Ülke tecrübelerinden gördüğümüz diğer bir sonuç, hiçbir büyüme stratejisinin sihrinin sonsuza kadar sürmediği ve dolaysıyla revize edilmesi gerektiğidir. Her sistem kendi içinde hem başarı imkânları hem de başarısızlık unsurları barındırır. İzlenen modelin sonuçlarını takip etmek ve çıkış stratejilerini belirlemek gerekir. Çin’de aşamalar halinde izlenen stratejilerden yukarıda bahsettim. Benzer şekilde, 1970’lerde Japonya dünyanın en verimli çelik üreticisi, dünyanın en büyük çelik fabrikalarına ve dünyanın endüstriyel robotlarının yarısına sahipti. Fakat bugün aynı Japonya yok, 20 yılı aşkın bir süredir ciddi bir durgunluk içindedir. Benzer olarak, ithal ikameci yöntem 1950’lerde Latin Amerika’da başladı ve bu dünyanın diğer ülkelerine yayıldı. Belirli bir düzeye kadar ülkelerin yerli üretim potansiyelini artırsa da zamanla etkin olmayan ve uluslararası rekabete açık olmayan yapılara evrildiler.
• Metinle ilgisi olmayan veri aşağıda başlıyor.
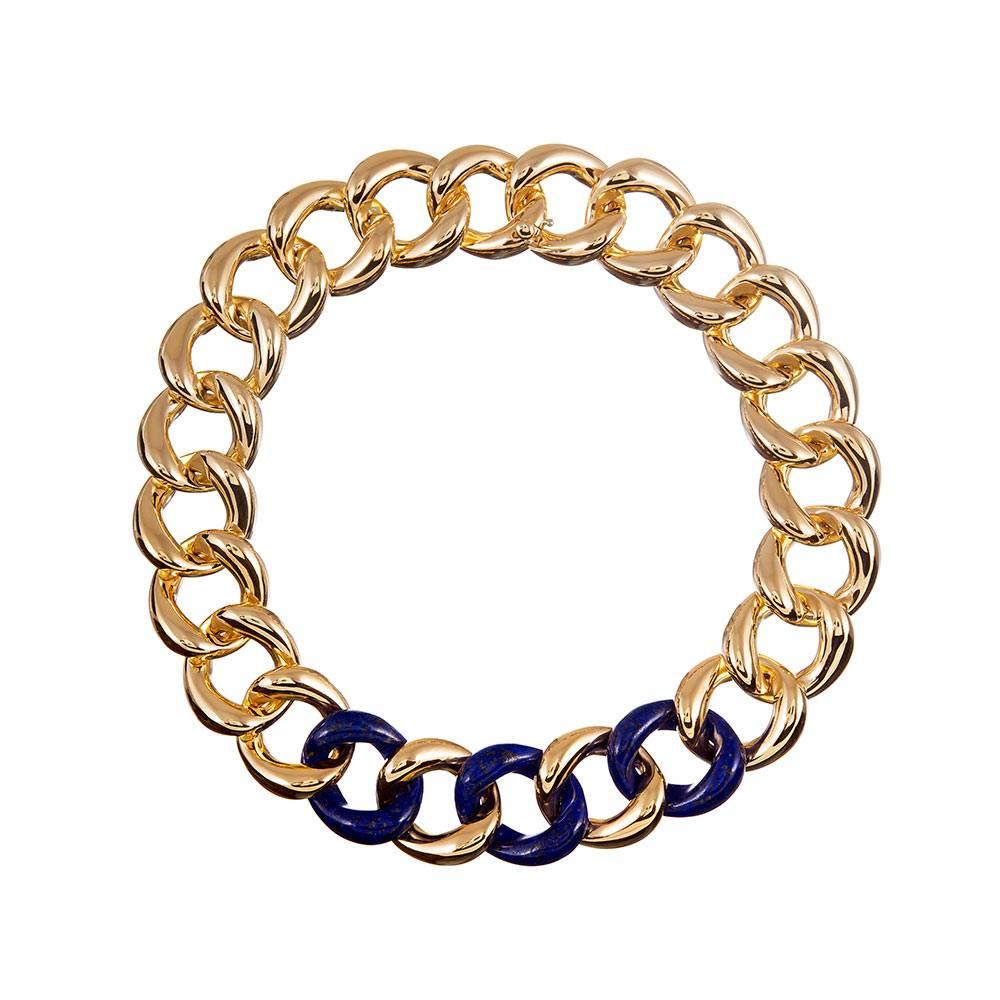 An instant classic, compliments of iconic jewelry designer Seaman Schepps. Hand carved links of lapis lazuli alternate with identical links of 18k yellow gold, embracing the classic mid-century aesthetic that is forever chic. 17 inches long and just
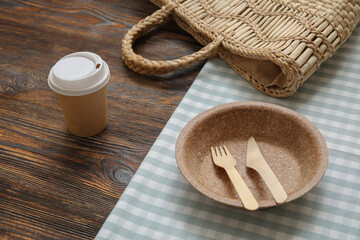 Beautiful table setting for picnic on wooden background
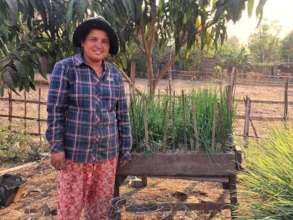 Sarer works in her rice fields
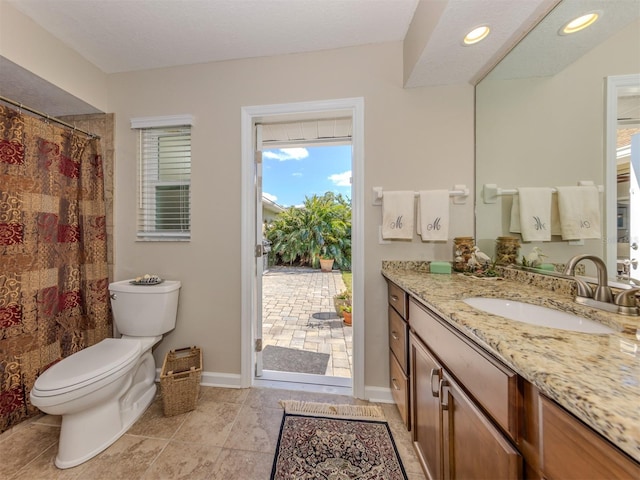 bathroom with tile patterned floors, vanity, and toilet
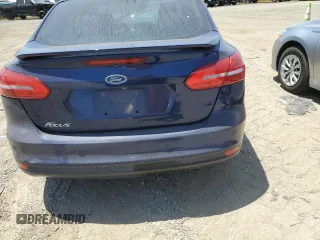 2016 Ford Focus Titanium z VIN 1FADP3J2XGL319399, wystawiony jako Copart lot #59258745 z przebiegiem 215 296 mil mil oraz Szkoda całkowita • Salvage title. Historia ofert i sprzedaży dostępna na DreamBid. Obrazek 6.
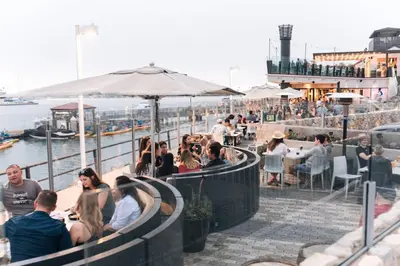a group of people sitting at a restaurant at Trendy Getaway - Hot Tub - Putt Putt - Games in Long Beach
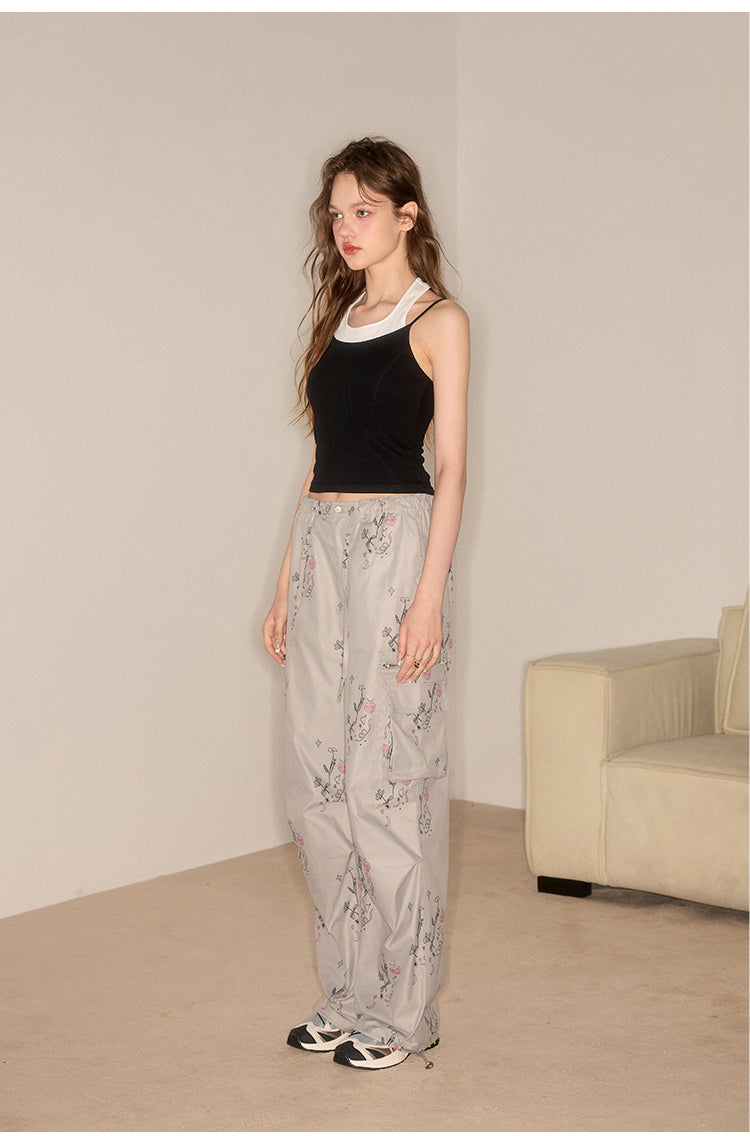 Straight casual pants with flower-patterned pockets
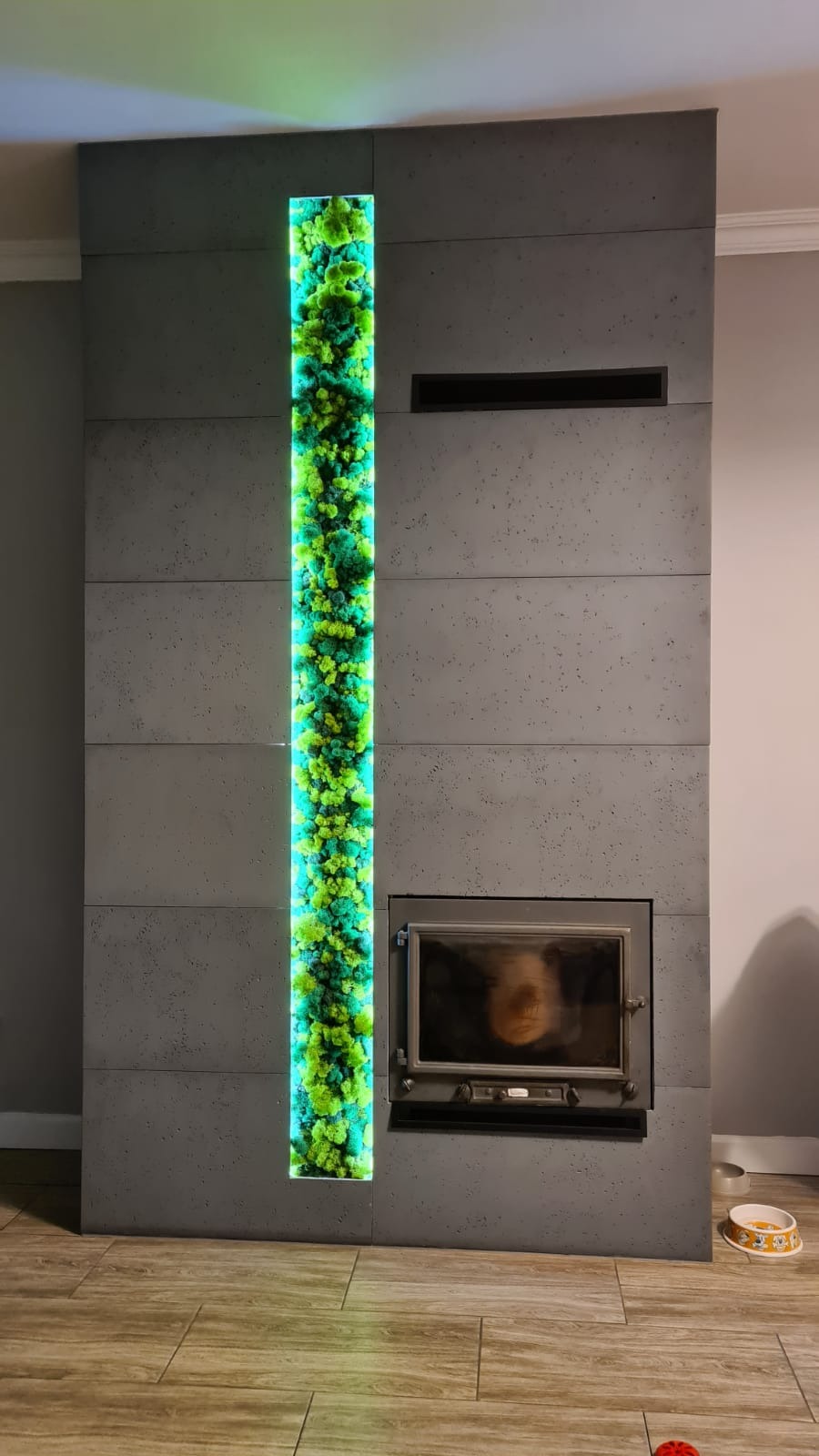 Szary betonowy kominek z wbudowanym oświetleniem LED i panelem z mchu stabilizowanego, odbicie twarzy w szybie kominka.
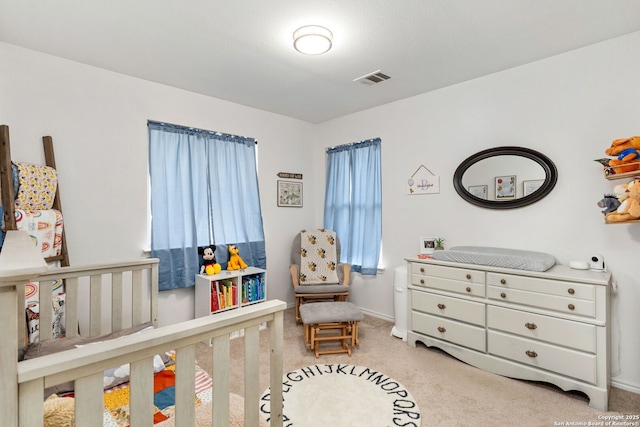 carpeted bedroom featuring a nursery area and visible vents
Son yıllarda, Hindistan’ın da Çin gibi, aşamalı stratejinin önemini fark ettiği görüyoruz. Bu yüzden, Hindistan hükümeti 2014 yılında “Make in India” adlı projesini uygulamaya soktu. Bu proje ile ülkenin düşük olan sanayi üretimini ve yetersiz olan ihracat düzeyini artırmak için kapsamlı bir program yürütülmektedir.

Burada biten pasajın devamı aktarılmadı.